NY Magazine Discovers Prospect Lefferts Gardens
NY Magazine–along with editors of trendy magazines–discovers the neighborhood of Prospect Lefferts Gardens. Noting the diversity of housing stock, the closeness of residents and the sub-million-dollar price tags, the weekly seems to agree with one transplanted Manhattanite who promises (threatens?) to import his many tastemaking friends to the nabe: “It’ll be the next best thing.”…

NY Magazine–along with editors of trendy magazines–discovers the neighborhood of Prospect Lefferts Gardens. Noting the diversity of housing stock, the closeness of residents and the sub-million-dollar price tags, the weekly seems to agree with one transplanted Manhattanite who promises (threatens?) to import his many tastemaking friends to the nabe: “It’ll be the next best thing.”
Comment: Wow, what a edgy pioneer!
Excellent Prospects [NY Magazine]
100% b o r i n g
Whenever there arises a rigorous discussion about privilege and/or the lack of it, it is usually the privileged folk who will be the first to attempt to derail it. Using derisive and dismissive terms such as “boring” to say you don’t agree with the viewpoints of others is a weak attempt at derailment.
But, of course many of those with privilege will find this kind of discussion boring! That’s because this is really not about your experience after all. We get that. But here’s the thing: if you find this thread so boring, why don’t you just move on to another one that better suits your fancy? Why even bother to keep reading these boring posts? What’s more, why even bother to respond? Only a truly bored person would delight in torturing themselves as such.
agreed – boring post.
i think what’s a little strange is that many of these posts have come from people in the neighborhood – obviously – and we all are already well aware that there are plenty of people from many, many backgrounds living fairly harmoniously here. what, we can’t tolerate someone who identifies to whatever extent as a ‘tastemaker’?
know what everyone? i’m a tastemaker, too. i’ve just decided. i’ll have to meet JON, come up with a definition of a tastemaker, then invite all of you to join the club. chill out!
People who put quotes around the American way are BORING.
And what makes it so boring?
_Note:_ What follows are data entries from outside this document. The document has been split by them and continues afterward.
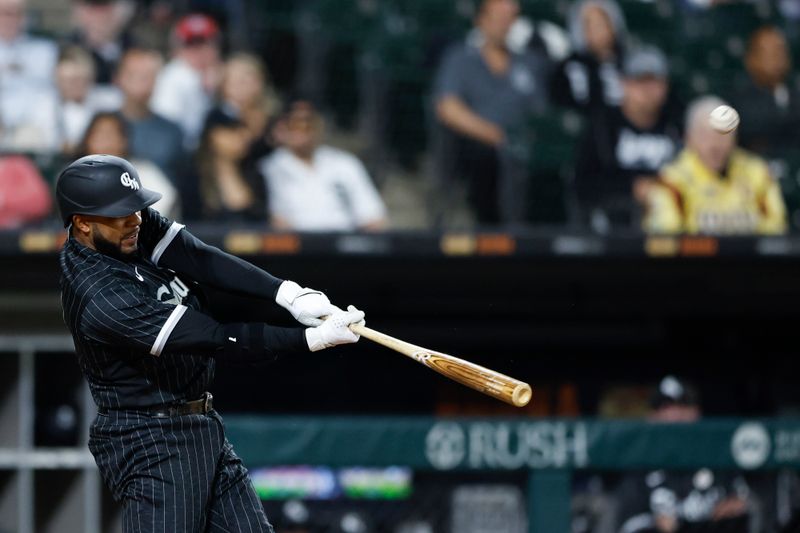 Sep 15, 2023; Chicago, Illinois, USA; Chicago White Sox shortstop Elvis Andrus (21) hits a two-run home run against the Minnesota Twins during the fifth inning at Guaranteed Rate Field. Mandatory Credit: Kamil Krzaczynski-USA TODAY Sports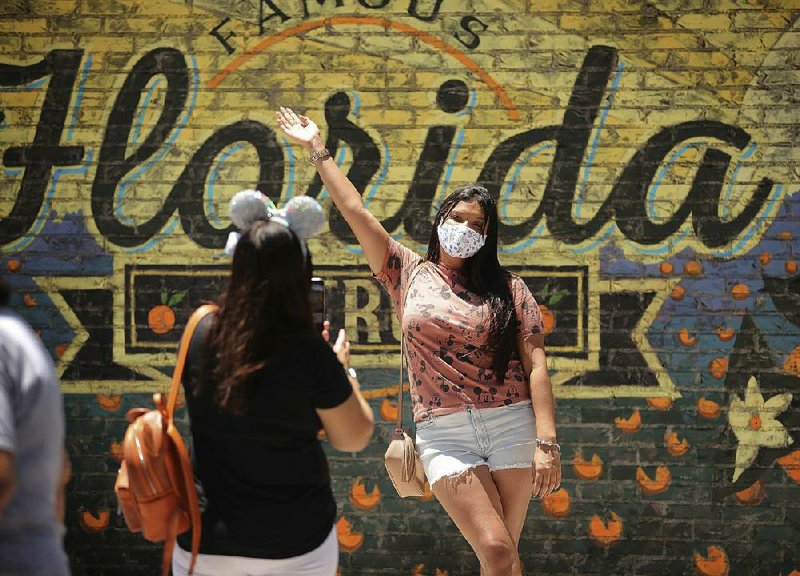Guests take pictures Wednesday, May 20, 2020, at Disney Springs in Orlando, Fla., when Walt Disney World’s shopping and dining complex held a limited reopening.
(AP/Orlando Sentinel/Stephen M. Dowell)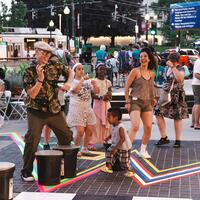 People of various ages dance and play drums outdoors at a lively community event on a city street.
Free exchange of diverse viewpoints? Hearing opinions other than your own? Feeling uncomfortable with honest, blunt expression? This is the “American way,” is it not?
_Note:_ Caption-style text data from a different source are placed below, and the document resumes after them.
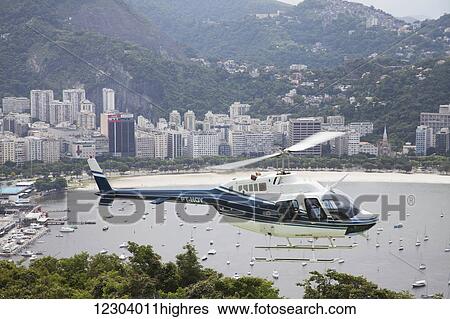 Stock Photograph - Sightseeing helicopter seen from Sugarloaf Mountain, looking to Botafogo Bay; Rio de Janeiro, Brazil. Fotosearch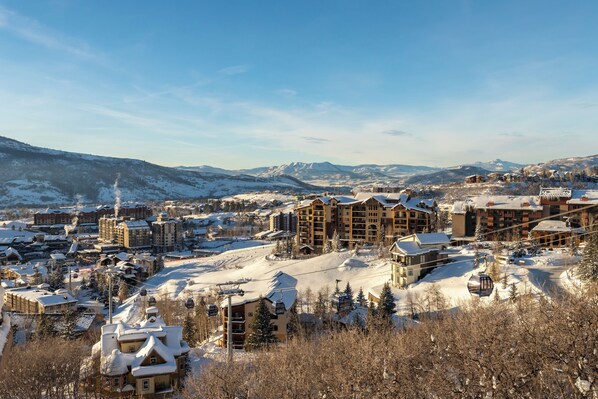 A snow-covered mountain town with multiple buildings, including a large lodge with a ski lift.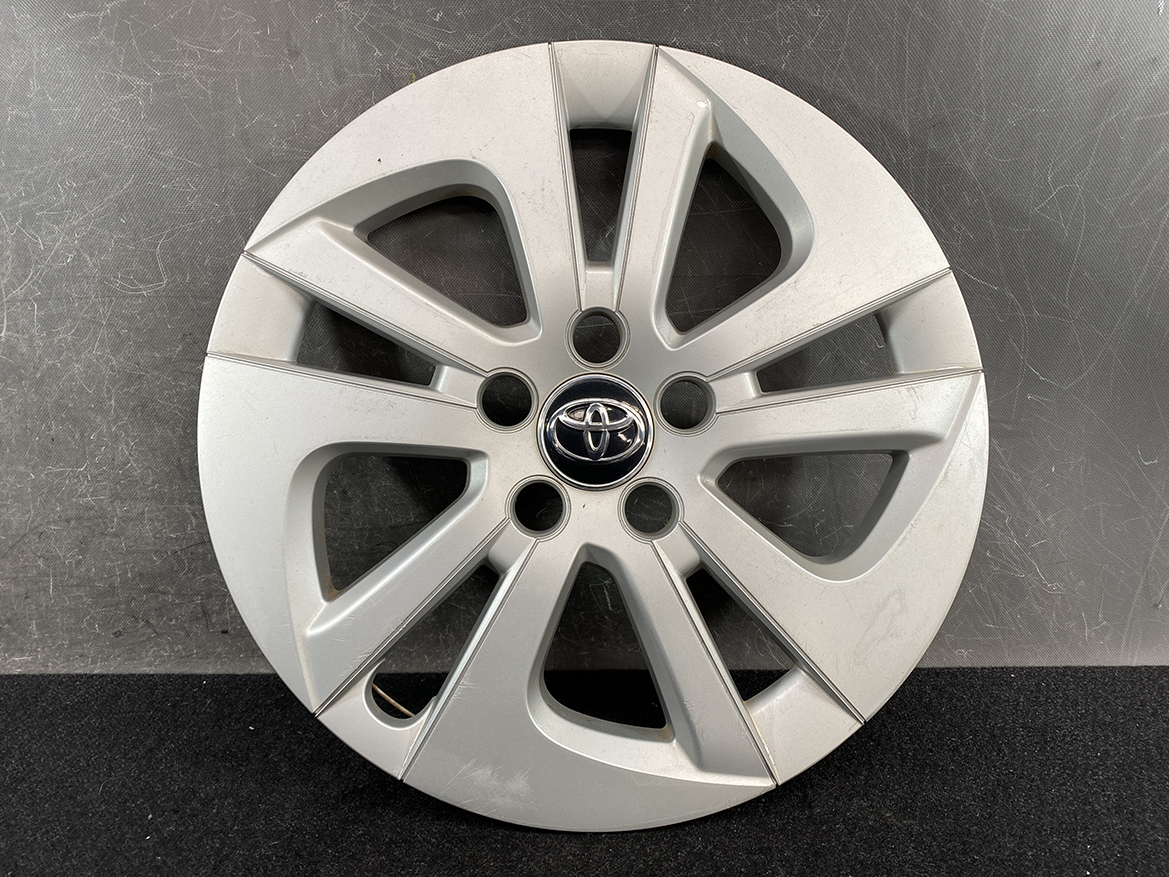 B402_2 TOYOTA PRIUS ZVW50 ZVW51 Genuine 15inch WHEEL CAP / HUB CAP » NZ.95 » JDM-PARTS NZ » JDM-PARTS NZ Silver Toyota alloy wheel cover with ten spokes and a central Toyota emblem TOYOTA PRIUS ZVW50 ZVW51 Genuine 15inch WHEEL CAP / HUB CAP » JDM-PARTS NZ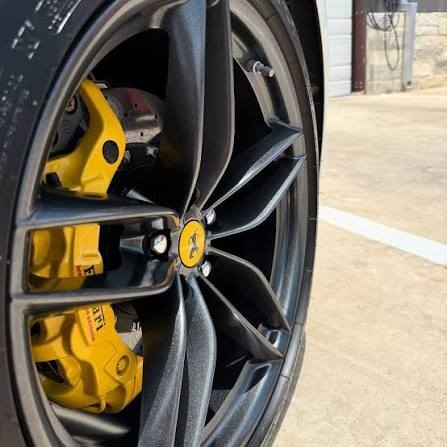 Ferrari yellow caliper behind coated wheel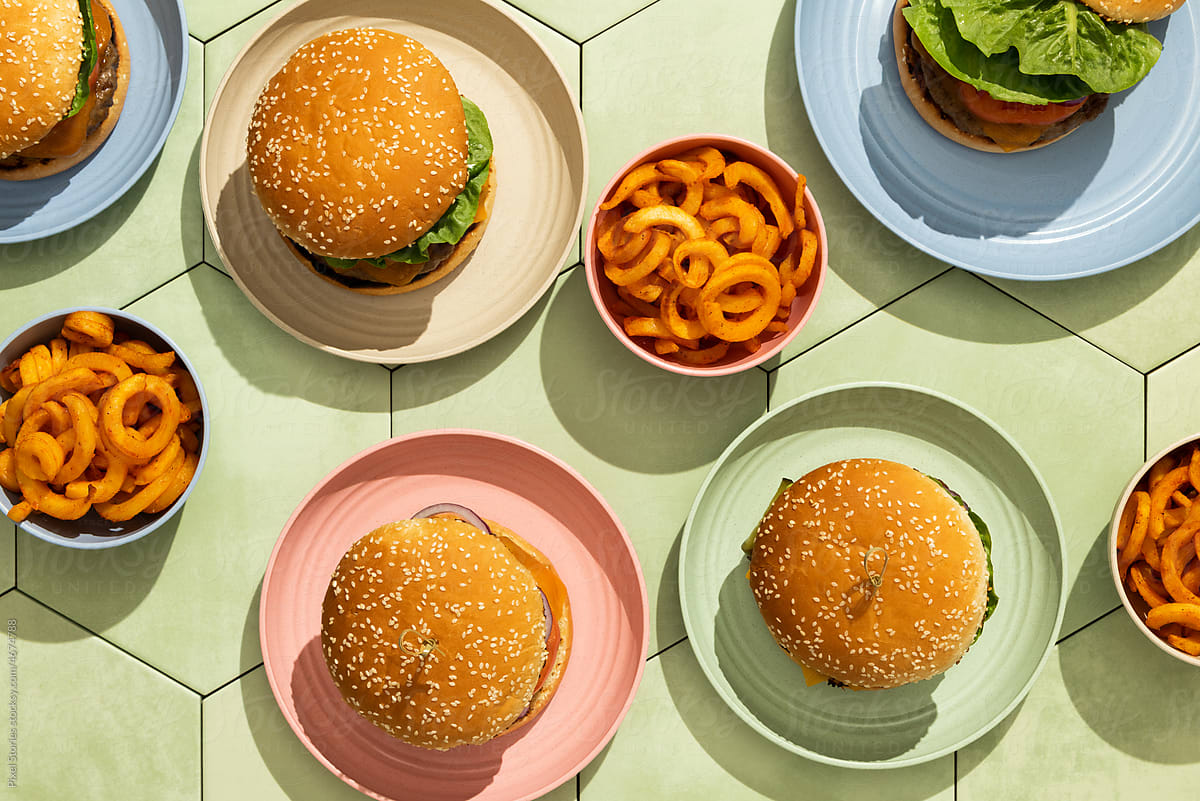 Burgers in colorful plates on green tile background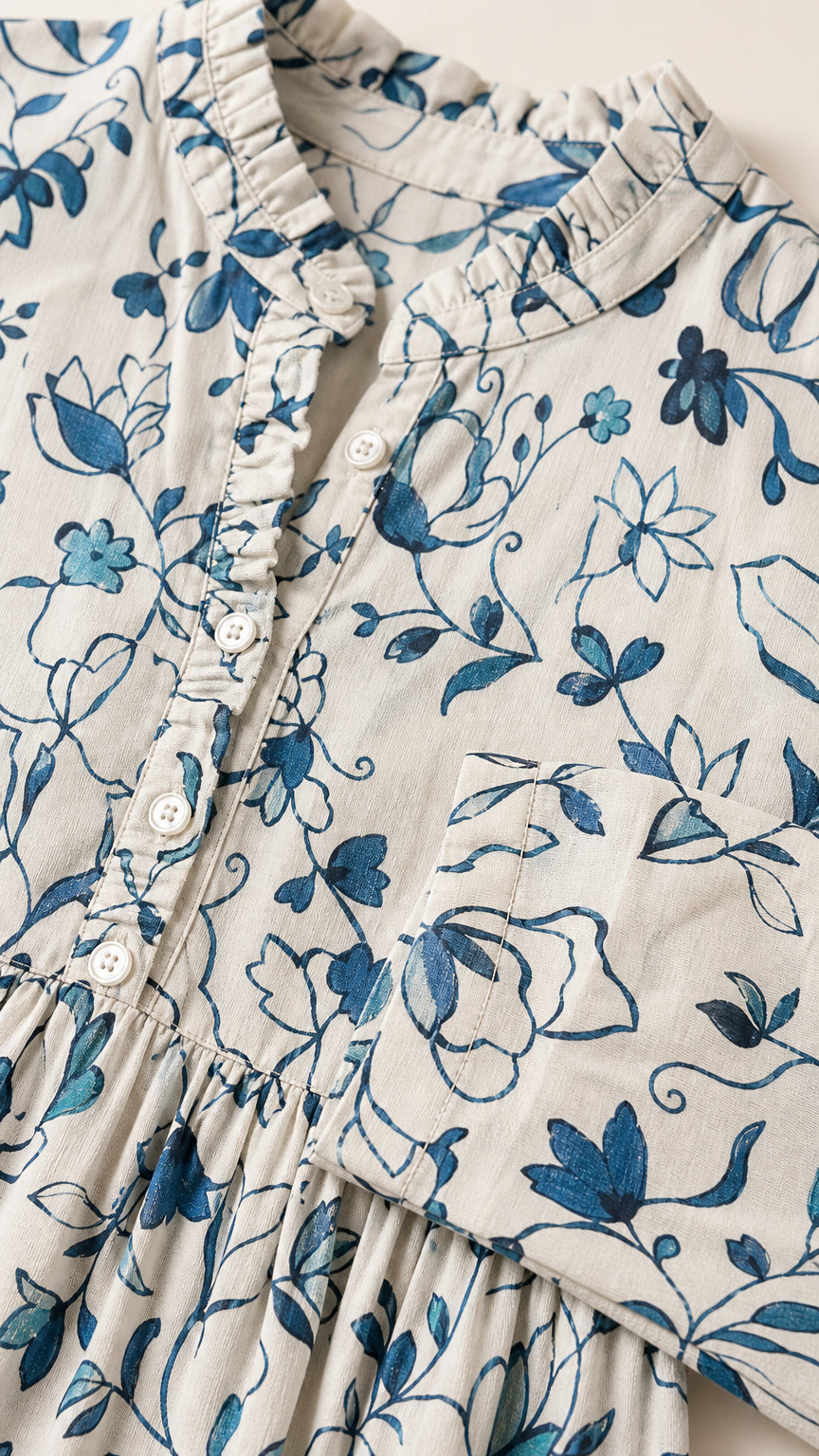 Close-up detail of ruffled collar, button placket, and floral print fabric texture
this is the most boring thread EVER
another question here about the rush to cry racism; wouldn’t it be more accurate to call it classism? I live in Clinton Hill and many of the “gentrifiers” there are black middle class, upper middle class who don’t seem to like any of the downsides of a “transitional” neighborhood any more or less than the white ones do. NY Magazine is a silly publication and not to be taken seriously, but i do think this question of class is what is the defining motif here, not racism. and then i suppose my next question is; what’s wrong with moving into a neighborhood you can afford and wanting to improve it? in another thread on the site a few months ago, another poster pointed out that poor people don’t necessarily love crack dealers, grafitti, and dog shit on their sidewalks either…it seems that it’s just that people with a little more education etc are better equipped with a (healthy) sense of entitlement so that they are more prone to call 311 or harrass the local councilman/woman for improvements.
JC, you specifically used the pronoun “he” four times and analyzed his thoughts and actions before saying “veiled racism’s a bitch, ain’t it?” I think you can decode the subtext of that to say that you were “implying” that “he” was racist.
I think you’re now stepping back a bit and trying to make your original comment a little bit more macro than it actually was.
Attack this guy for using the word tastemaker, that’s fair game…using him as an example of institutional or veiled racism is not.
“[T]he process of American gentrification is historically rooted in race and class relations.”
Well, yeah, that’s a truism and water is wet, too.
Real estate articles in much of NY media (NYTimes, NewYork Mag, etc) are unabashedly written with/for upper-middle class perspective.
When they use terms such as undiscovered,pioneer etc. they mean for upper-middle class.
Manhattanite is slightly veiled shorthand for
white, college-educated affluent professional.
(Something tells me very few have long family history in that boro).
And ‘priced out of Manhattan’ means south of 96th
st. Manhattan. They are not talking about relocators from Washington Hts.
And the other commenter is correct – these articles are recycled every so many months.